As political parties estimate how many legislative seats they might win in next Saturday’s polls, the Chinese Nationalist Party (KMT) has said it hopes to garner 60, while the Democratic Progressive Party (DPP) said it aims to secure 50 in the 113-seat legislature.
The People First Party (PFP), whose chairman James Soong (宋楚瑜) is in a three-way presidential race with President Ma Ying-jeou (馬英九) of the KMT and DPP Chairperson Tsai Ing-wen (蔡英文), said it hoped to win up to 13 seats, while the New Party and the Taiwan Solidarity Union (TSU) hoped they could garner three and two seats respectively.
DPP caucus whip Ker Chien-ming (柯建銘) said it was very likely that neither the KMT nor the DPP would win more than half of the legislative seats, so the “power map” at the nation’s highest law-making body could change.

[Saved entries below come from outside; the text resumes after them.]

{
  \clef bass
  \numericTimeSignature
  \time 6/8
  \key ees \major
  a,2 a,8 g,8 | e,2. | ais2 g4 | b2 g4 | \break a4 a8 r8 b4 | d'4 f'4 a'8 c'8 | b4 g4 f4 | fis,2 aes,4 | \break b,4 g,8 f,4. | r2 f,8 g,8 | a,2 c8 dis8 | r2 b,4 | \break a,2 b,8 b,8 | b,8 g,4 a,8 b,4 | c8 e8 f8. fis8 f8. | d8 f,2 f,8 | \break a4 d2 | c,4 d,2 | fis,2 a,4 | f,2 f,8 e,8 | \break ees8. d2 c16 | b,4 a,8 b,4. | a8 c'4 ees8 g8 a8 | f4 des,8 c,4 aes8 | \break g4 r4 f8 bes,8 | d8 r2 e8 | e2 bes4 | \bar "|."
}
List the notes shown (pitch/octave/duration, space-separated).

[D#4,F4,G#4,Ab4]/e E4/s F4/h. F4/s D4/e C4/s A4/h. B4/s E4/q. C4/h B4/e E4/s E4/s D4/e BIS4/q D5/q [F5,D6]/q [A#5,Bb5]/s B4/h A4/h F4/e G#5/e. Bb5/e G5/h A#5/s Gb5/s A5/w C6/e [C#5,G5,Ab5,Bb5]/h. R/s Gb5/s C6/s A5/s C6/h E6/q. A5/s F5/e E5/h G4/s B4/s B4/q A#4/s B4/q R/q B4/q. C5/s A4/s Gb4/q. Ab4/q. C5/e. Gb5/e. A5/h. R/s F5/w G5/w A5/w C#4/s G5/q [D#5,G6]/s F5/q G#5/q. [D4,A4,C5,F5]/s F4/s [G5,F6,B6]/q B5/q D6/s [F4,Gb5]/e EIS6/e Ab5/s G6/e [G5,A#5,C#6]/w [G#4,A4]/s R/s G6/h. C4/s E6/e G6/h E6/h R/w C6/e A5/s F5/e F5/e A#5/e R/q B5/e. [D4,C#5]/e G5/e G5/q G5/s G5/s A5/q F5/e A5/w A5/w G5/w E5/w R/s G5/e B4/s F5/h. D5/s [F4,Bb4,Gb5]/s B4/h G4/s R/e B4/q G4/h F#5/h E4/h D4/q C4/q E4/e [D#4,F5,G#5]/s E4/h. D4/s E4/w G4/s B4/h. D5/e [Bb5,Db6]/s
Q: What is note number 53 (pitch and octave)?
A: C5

In 10 constituencies, pan-blue parties — the KMT, the PFP and the New Party — are locked in a battle for legislative seats. In all but one of the cases, the battle is between the KMT and the PFP, although all three pan-blue parties have nominated a contender in Kinmen.
In the pan-green camp, which includes the DPP and the TSU, the TSU has not nominated any candidates for the regional polls. It simply hopes to win more than 5 percent of the vote to earn two legislator-at-large seats.
The Central Election Commission (CEC) estimated that in the election for the nation’s 13th president and vice president, as well as the eighth Legislative Yuan, there would be 18,090,255 eligible voters, an increase of 768,633 from the 2008 elections.
The majority of the new voters are those who have turned 20 since the last election, while others are naturalized citizens, such as foreign spouses and new immigrants.
CEC officials said each voter will have three ballots: one for president and vice president, one for legislator and one for political party.
The presidential ballot is pink, while the political party ballot is white. The regional legislator ballot is yellow, but “plains Aborigines” will elect their legislators using light blue ballots and “mountain Aborigines” light green ones.
Polling stations will open at 8am and close at 4pm on Saturday. The CEC expects to finish the vote count by 10pm.